If I was going to see my first Harold Lloyd movie, the Byrd was the place to do it.
We were seeing a new restoration of "Safety Last" in a digitized format, as so many vintage films are now, done so that they can be shown in theaters which no longer have projectors.
When that fact was mentioned, From the front row, the Byrd's manager Todd called out, "They'll take the 35 mm projector out of the Byrd over my dead body!"
The laughter and applause were immediate.
We were also told that this was the very first screening in the country of this restored print.
I'm not ashamed to say I like being first.
In the grand tradition of the Byrd, the screening began with the legendary litter promo, although without the sound, so the crowd provided it.
Somebody needs parental guidance.
The credits were a study in simplicity.
The boy, the girl, the pal, the law. Who needs names?
The love story concerned the boy going off to the big city to earn enough money to marry and support the girl (who would not doubt become the wife).
He finds a job selling fabric in a department store.
This was a guy devoted to his mission, or as the screen said, "He couldn't have given more to his job if it was a position."
I found it an interesting cultural commentary that in 1923 we were still making the distinction between jobs and positions.
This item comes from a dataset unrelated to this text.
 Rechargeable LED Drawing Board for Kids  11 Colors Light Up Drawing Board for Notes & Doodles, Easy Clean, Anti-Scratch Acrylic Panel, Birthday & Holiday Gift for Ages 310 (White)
Another cultural observation was when the boy got in trouble for having his jacket off and gets called into the big cheese's office.
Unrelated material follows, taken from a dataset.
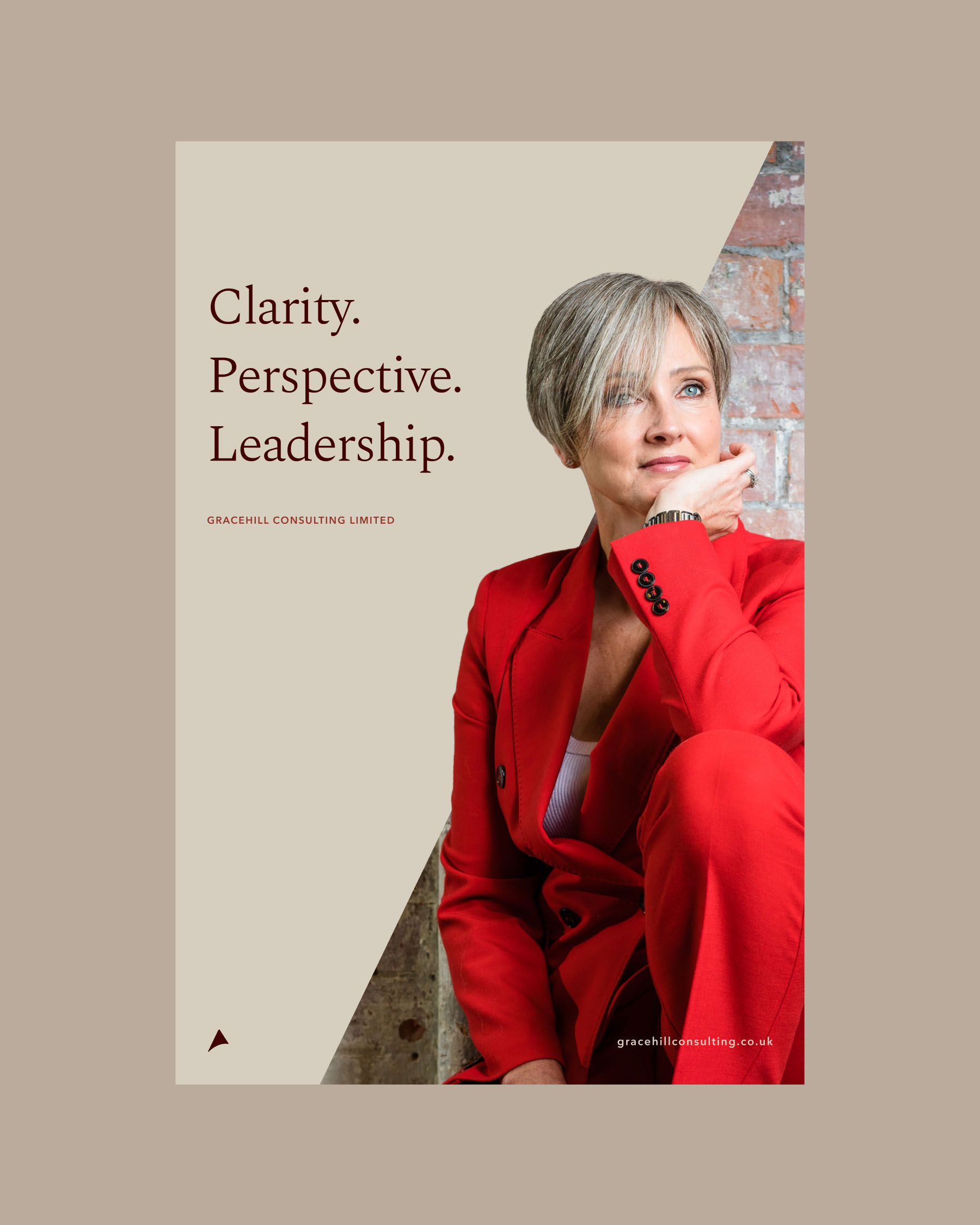 Gracehill Consulting poster featuring a portrait and the message “Clarity. Perspective. Leadership.”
He is rebuked for having been on the sales floor in his short sleeves, thereby offending the female customers sense of refinement.
Boy, that sense has been dead in the water for a while now, hasn't it?
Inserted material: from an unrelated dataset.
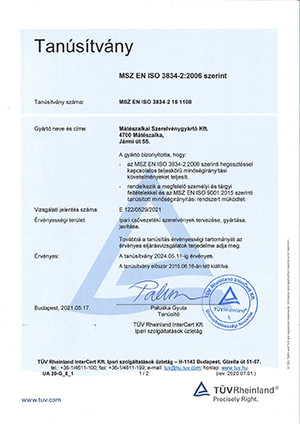 MSZ EN ISO 3834-2:2006 Tanúsítvány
Even the language came across as arcane, as when the boss lamented that, "Something is very wrong with our exploitation," and wants to find a way to bring attention to the store.
Exploitation?
I think we call that branding or image now.
The boy suggests a way to exploit the store by having his pal, a skilled climber, scale the department store facade.
As it turns out, the pal is trying to elude a cop bent on arresting him for punching him earlier, so the boy has to make the ascent himself, and he's no skilled climber.
Using recessed bricks to gain a foot and handhold, he begins to slowly climb the store while hundreds of customers watch.
Naturally there are comedic bits like the iconic shot of the boy hanging onto the hands of a giant clock on the building.
But there's also a scene of a mouse running up his pants leg, making him do a dance on the ledge to try to get it out.
With each floor up that he makes it, another obstacle meets him and he's hanging from a rope, or has his foot caught in a coil or gets hit in the head and gets dizzy.
And with each new problem, he teeters precariously close to the ledge and a fall to certain death.
It was scene after scene of suspense to see if he'd make it to the top, get the money for doing so and be able to marry the girl.
But what quickly became apparent to me was how poorly I was handling all these scenes of him leaning backwards over the streetscape below.
Really poorly, that's how.
My palms began to sweat.
I had to look away more than once.
Maybe it's my own phobias, but I couldn't keep watching the boy almost fall to his death.
Meanwhile, all around me , I heard adults and children giggling madly at the action.
I'd dry my hands on my shirt and by the next scene, they were moist again as I cringed at the angle of the boy this time.
Sure, my rational mind told me it was only a movie and a romantic comedy at that, but watching a man (whom we'd been told did his own stunts) hover on the edge of ledges, windows and a roof, was a little too close to some personal fears apparently.
On the plus side, I found the bespectacled Harold Lloyd far more handsome than Charlie Chaplin or Buster Keaton.
I'm just hoping the next Harold Lloyd film I see won't upset my women's sense of refinement quite as much.